Document Description
Getting Started Installation and quick start guide
API Reference Complete API documentation
Examples Practical usage examples
Contributing Contributing guidelines and style guide

Key Modules

Indexing

df.epl.loc[0]                      # First row
df.epl.loc[0:5, ["a", "b"]]        # Slice with columns
df.epl.iloc[0, 0]                  # Position-based access
df.epl.at[0, "column"]             # Single value access

Merging

df.epl.merge(right, on="key", how="left")
df.epl.merge_asof(right, on="timestamp", by="group")
df.epl.concat(df2, df3, how="vertical")

GroupBy

df.epl.groupby(["col"]).agg({"value": ["mean", "sum"]})
df.epl.groupby(["col"]).apply(custom_function)
df.epl.groupby(["col"]).ffill(columns=["value"])

Interpolation

df.epl.ffill(columns=["value"])
df.epl.bfill(columns=["value"])
df.epl.interpolate(columns=["value"], method="linear")
df.epl.fillna(columns=["value"], value=0)

ML Pipeline

df.epl.standardize(columns=["numeric_col"])
df.epl.clip_and_impute(columns=["value"], impute_strategy="median")
df.epl.make_ml_ready(target_col="label")

# Series-level operations
series.epl.scale_encode(path="scaler.joblib", scaler_type="StandardScaler")
series.epl.isnull()  # Handles both null and NaN

SQL

df.epl.to_sql(connection, "table_name", if_exists="replace", batch_size=10000)

Requirements

Core Dependencies

  • Python 3.12+
  • polars >= 1.33.0
  • numpy >= 2.3.0
  • pandas >= 2.3.0
  • pyarrow >= 21.0.0
  • Plus: tqdm, python-dateutil, joblib

Optional Dependencies

Install with extras for additional functionality:

# For scientific computing (interpolation, hypothesis tests)
pip install "EnhancedPolars[sci]"

# For ML preprocessing (scalers, encoders)
pip install "EnhancedPolars[ml]"

# Install all optional dependencies
pip install "EnhancedPolars[all]"
  • [sci] - Scientific computing: scipy >= 1.16.0
  • [ml] - Machine learning: scikit-learn >= 1.7.0

License

This project is licensed under the MIT License - see the LICENSE file for details.


Author

@Ruppert20


AI Authorship Disclaimer

This package was developed with the assistance of LLM-based coding tools (Claude Code by Anthropic).

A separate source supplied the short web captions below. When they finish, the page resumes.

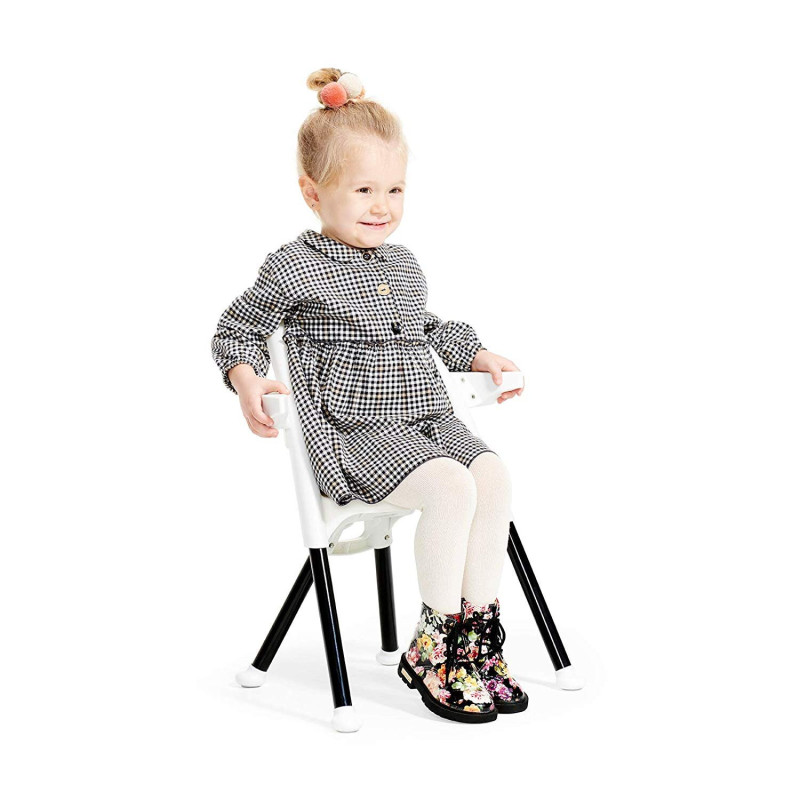 Стільчик для годування 2 в 1 Kinderkraft Pini Pink KKKPINIPNK0000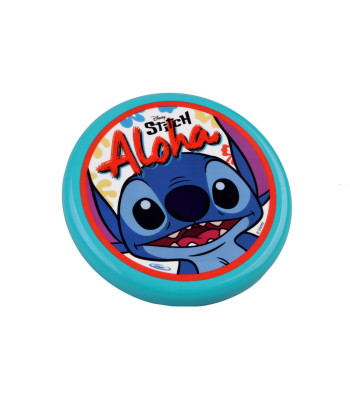 Skraidantis diskas Stitch 20 cm – lanksti guminė žaislas vaikams SP0882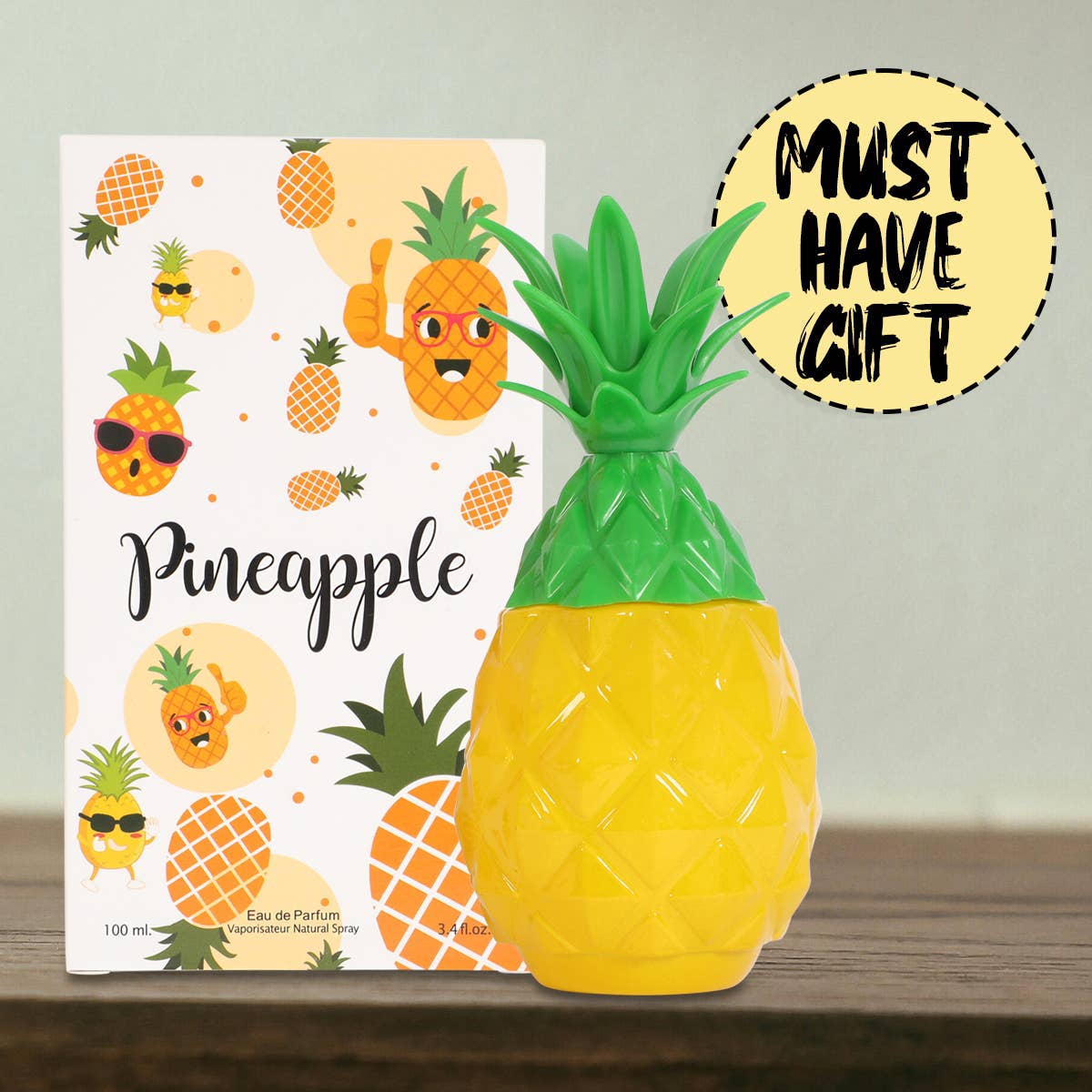 MYS Wholesale Inc - Pineapple Eau de Parfum Spray Perfume for Women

AI tools were used for the following activities:

  • Code authorship - Implementation of utilities, functions, and classes
  • Test development - Creation of comprehensive unit tests
  • Documentation - Generation of NumPy-style docstrings and README content
  • Code review - Identification of bugs, edge cases, and improvements

Users should evaluate the code for their specific use cases and report any issues through the GitHub issue tracker.


Contributing

See Contributing Guide for guidelines on:

  • Development setup
  • Code style
  • Testing requirements
  • Pull request process

Project details


Download files

Download the file for your platform. If you're not sure which to choose, learn more about installing packages.

Source Distribution

enhancedpolars-0.0.3.tar.gz (282.9 kB view details)

Uploaded Source

Built Distribution

If you're not sure about the file name format, learn more about wheel file names.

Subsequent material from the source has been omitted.